_Goal of the exercise_
Reproduce each of the following records without any deviation.

_Extracted entries_
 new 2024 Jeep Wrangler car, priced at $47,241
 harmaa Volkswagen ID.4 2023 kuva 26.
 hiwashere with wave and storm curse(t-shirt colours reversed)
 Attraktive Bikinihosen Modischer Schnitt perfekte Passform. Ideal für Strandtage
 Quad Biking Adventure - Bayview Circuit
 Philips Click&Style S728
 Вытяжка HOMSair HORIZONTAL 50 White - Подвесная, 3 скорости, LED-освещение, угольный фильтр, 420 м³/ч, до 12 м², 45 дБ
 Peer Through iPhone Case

_Answer to this exercise_
 new 2024 Jeep Wrangler car, priced at $47,241
 harmaa Volkswagen ID.4 2023 kuva 26.
 hiwashere with wave and storm curse(t-shirt colours reversed)
 Attraktive Bikinihosen Modischer Schnitt perfekte Passform. Ideal für Strandtage
 Quad Biking Adventure - Bayview Circuit
 Philips Click&Style S728
 Вытяжка HOMSair HORIZONTAL 50 White - Подвесная, 3 скорости, LED-освещение, угольный фильтр, 420 м³/ч, до 12 м², 45 дБ
 Peer Through iPhone Case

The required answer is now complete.